[Instructions for the task] Look through the records below for the line with "a bed with a". Return that line and each one after it up to and including the line with "a person standing", exactly.

_____

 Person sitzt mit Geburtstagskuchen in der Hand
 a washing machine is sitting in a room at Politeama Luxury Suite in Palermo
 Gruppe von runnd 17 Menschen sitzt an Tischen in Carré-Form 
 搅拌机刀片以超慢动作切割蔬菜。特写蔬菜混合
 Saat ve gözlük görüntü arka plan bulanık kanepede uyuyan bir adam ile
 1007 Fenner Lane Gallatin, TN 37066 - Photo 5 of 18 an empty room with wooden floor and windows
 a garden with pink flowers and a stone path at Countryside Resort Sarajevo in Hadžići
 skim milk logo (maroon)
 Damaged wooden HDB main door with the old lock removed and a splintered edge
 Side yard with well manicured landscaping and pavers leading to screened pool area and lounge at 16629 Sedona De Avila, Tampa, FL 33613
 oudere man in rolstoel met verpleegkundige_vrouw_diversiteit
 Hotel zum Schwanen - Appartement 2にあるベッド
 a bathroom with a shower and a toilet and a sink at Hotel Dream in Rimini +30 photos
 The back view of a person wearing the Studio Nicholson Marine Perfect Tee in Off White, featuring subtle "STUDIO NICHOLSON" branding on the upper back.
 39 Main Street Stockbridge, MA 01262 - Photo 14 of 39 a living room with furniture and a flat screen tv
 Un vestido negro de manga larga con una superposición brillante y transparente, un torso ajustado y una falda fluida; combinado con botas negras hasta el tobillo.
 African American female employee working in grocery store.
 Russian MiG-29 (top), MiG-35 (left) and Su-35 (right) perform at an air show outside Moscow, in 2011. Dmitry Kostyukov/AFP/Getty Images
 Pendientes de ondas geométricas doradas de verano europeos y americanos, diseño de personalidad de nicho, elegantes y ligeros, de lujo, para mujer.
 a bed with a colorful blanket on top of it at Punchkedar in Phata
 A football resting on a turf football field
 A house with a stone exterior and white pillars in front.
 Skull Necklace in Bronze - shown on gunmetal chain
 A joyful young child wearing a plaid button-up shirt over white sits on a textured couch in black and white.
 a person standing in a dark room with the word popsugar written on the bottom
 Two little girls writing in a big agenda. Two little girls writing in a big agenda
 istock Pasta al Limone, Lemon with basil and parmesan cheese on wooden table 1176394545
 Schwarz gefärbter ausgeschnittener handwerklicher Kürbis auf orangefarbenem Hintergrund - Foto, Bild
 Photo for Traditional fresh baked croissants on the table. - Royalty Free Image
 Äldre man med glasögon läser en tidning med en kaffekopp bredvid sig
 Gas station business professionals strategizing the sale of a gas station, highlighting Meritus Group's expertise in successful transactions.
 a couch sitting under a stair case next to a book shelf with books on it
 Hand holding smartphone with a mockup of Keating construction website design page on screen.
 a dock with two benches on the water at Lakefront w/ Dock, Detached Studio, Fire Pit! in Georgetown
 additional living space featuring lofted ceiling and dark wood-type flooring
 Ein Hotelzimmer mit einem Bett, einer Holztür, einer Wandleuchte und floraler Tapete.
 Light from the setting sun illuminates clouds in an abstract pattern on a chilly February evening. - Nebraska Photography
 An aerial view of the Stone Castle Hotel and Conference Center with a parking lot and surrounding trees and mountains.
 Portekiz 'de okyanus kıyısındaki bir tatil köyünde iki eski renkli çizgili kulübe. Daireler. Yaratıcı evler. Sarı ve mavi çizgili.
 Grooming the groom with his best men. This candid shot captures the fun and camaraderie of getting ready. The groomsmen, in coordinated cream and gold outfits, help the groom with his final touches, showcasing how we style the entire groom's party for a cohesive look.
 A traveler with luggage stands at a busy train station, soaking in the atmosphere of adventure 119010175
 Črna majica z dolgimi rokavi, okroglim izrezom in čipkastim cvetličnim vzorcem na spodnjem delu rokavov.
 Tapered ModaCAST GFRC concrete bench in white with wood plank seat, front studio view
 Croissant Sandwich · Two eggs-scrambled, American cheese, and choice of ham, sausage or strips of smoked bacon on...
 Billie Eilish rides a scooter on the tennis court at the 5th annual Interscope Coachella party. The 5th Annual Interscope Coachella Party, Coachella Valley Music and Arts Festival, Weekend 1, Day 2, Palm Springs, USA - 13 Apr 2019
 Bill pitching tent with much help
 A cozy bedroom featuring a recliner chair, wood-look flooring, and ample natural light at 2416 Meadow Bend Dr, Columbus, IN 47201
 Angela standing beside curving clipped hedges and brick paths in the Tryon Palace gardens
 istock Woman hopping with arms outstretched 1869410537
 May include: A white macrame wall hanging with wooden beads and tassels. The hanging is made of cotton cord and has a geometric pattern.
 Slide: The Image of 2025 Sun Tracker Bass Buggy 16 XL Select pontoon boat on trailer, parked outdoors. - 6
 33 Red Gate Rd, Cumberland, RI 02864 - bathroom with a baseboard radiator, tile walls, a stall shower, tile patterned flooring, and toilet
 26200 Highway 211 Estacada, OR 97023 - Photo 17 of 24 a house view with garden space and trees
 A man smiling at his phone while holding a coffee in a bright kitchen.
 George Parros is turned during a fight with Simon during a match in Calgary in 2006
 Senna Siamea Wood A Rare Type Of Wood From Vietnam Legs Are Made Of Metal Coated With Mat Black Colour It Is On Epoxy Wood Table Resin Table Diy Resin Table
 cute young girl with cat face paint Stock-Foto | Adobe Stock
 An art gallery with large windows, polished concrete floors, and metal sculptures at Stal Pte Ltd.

_____

[Response below]
 a bed with a colorful blanket on top of it at Punchkedar in Phata
 A football resting on a turf football field
 A house with a stone exterior and white pillars in front.
 Skull Necklace in Bronze - shown on gunmetal chain
 A joyful young child wearing a plaid button-up shirt over white sits on a textured couch in black and white.
 a person standing in a dark room with the word popsugar written on the bottom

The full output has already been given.